> WHAT IS EXPECTED: Starting at the line below that contains "Túi Vải Đay" and ending at the line that contains "کرم دو رنگ فندقی", retype each line exactly as it stands, but omit the pictures.

> GIVEN ENTRIES:

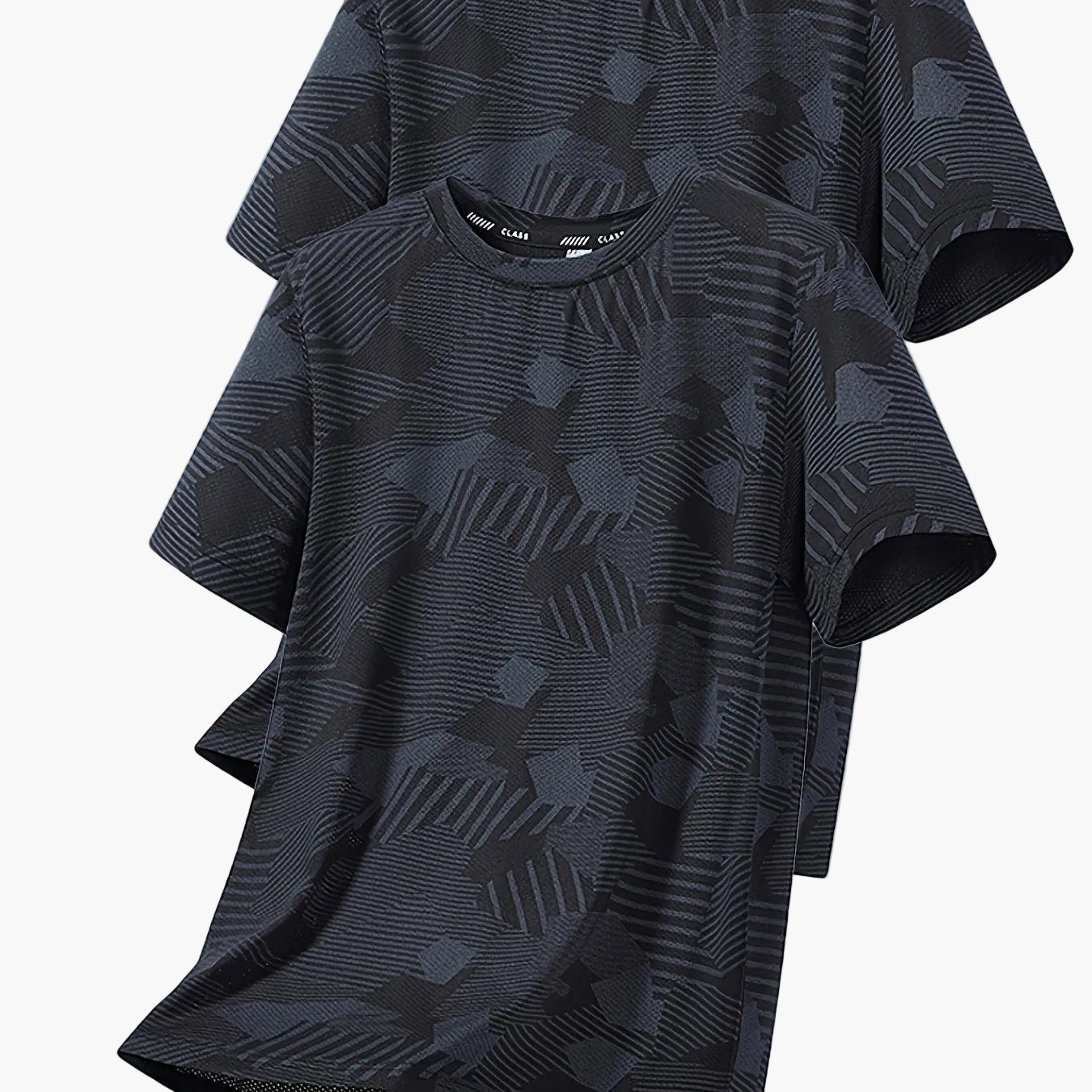 Herren Freizeit T-Shirt Set – Atmungsaktive Sommer Oberteile im tropischen Stil, ideal für Alltag und Sport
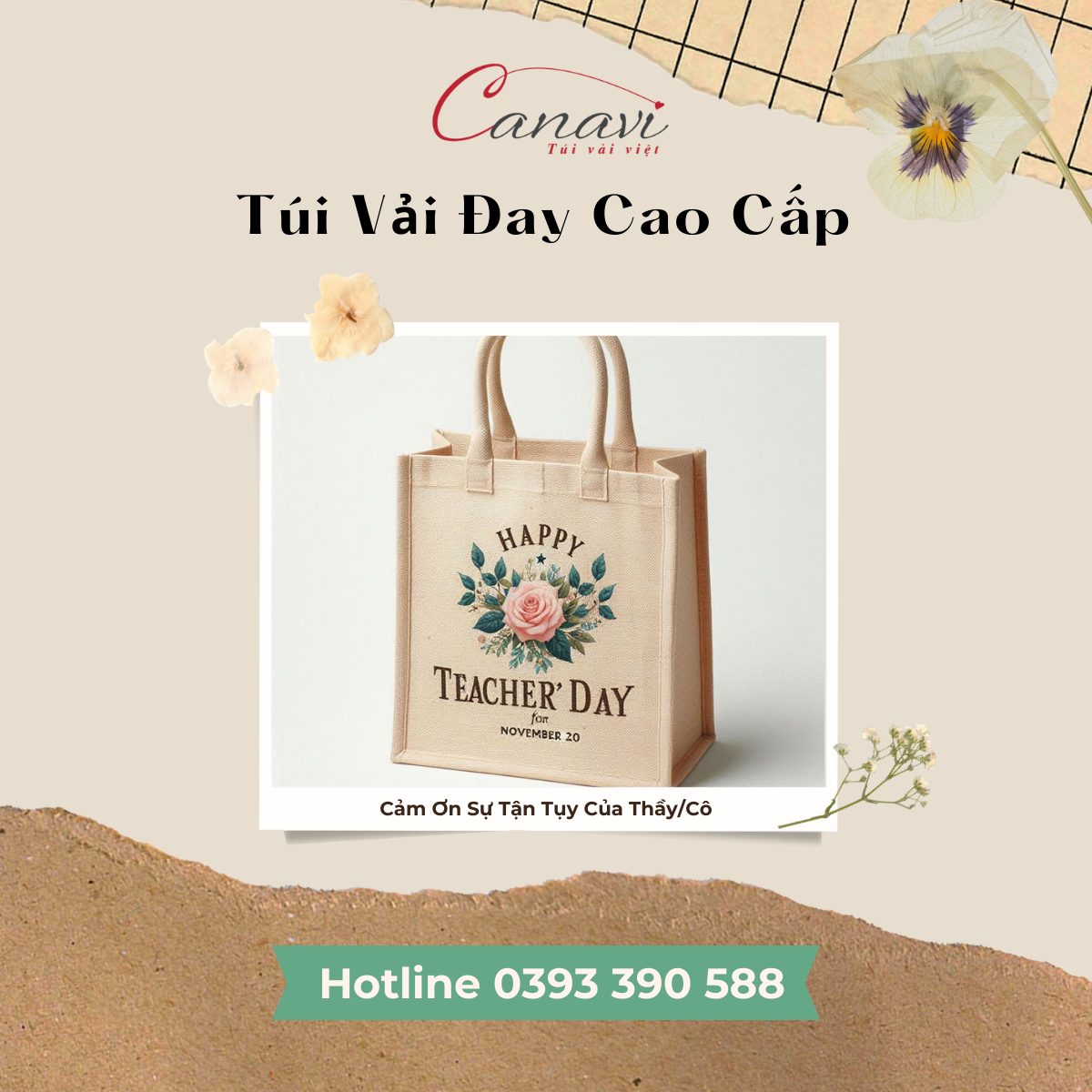 Túi Vải Đay Cao Cấp - Quà Tặng Sang Trọng Và Độc Đáo Cho Ngày 20/11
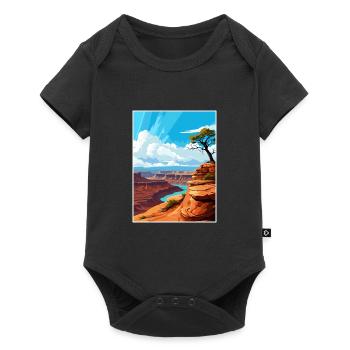 Dead Horse State Park Utah Vintage affiche de voyage - Body à manches courtes Premium Bébé - noir - Devant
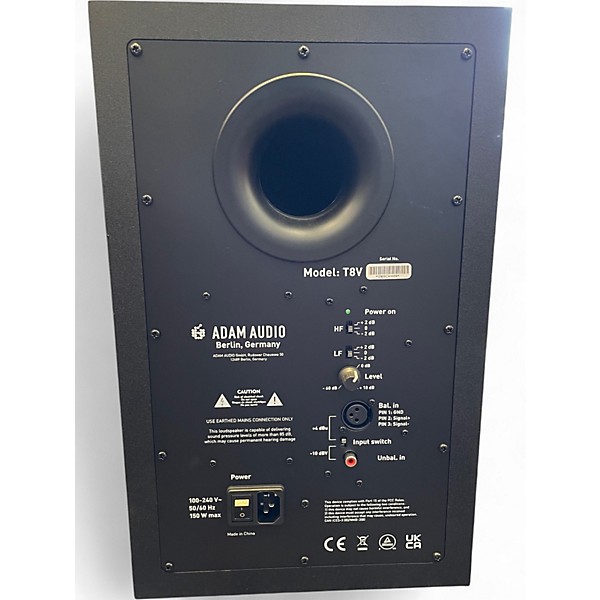 Used ADAM Audio T8V Pair Powered Monitor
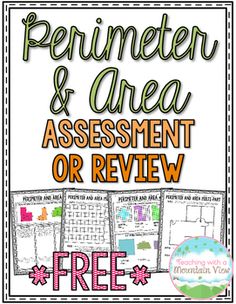 the perimeter and area printables are available for students to use in their homeschool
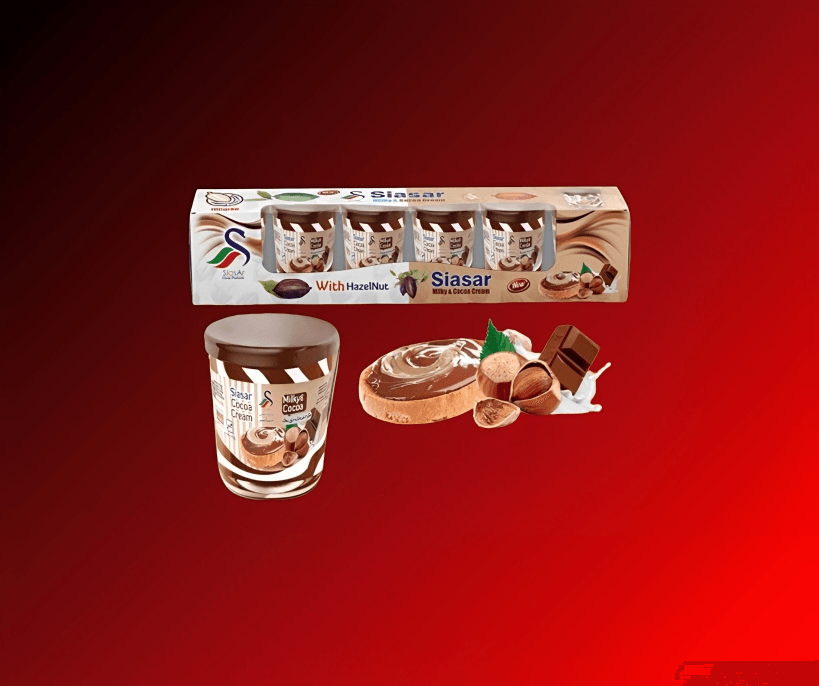 کرم دو رنگ فندقی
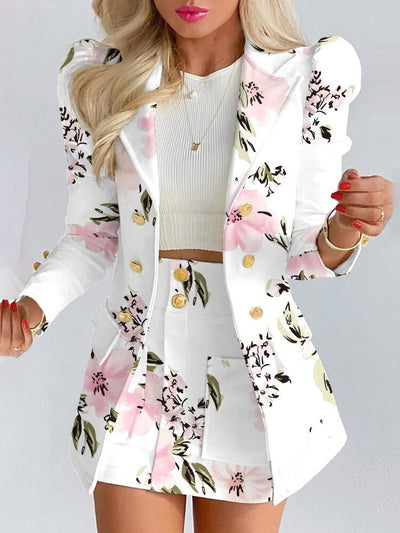 Blazer und Rock Set für Damen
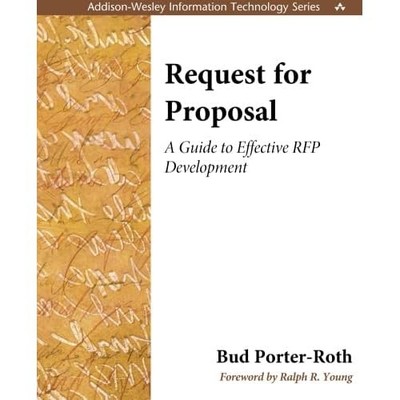 Request for Proposal: A Guide to Effective Rfp Developm - Paperback NEW PorterRo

> EXERCISE SOLUTION:
 Túi Vải Đay Cao Cấp - Quà Tặng Sang Trọng Và Độc Đáo Cho Ngày 20/11
 Dead Horse State Park Utah Vintage affiche de voyage - Body à manches courtes Premium Bébé - noir - Devant
 Used ADAM Audio T8V Pair Powered Monitor
 the perimeter and area printables are available for students to use in their homeschool
 کرم دو رنگ فندقی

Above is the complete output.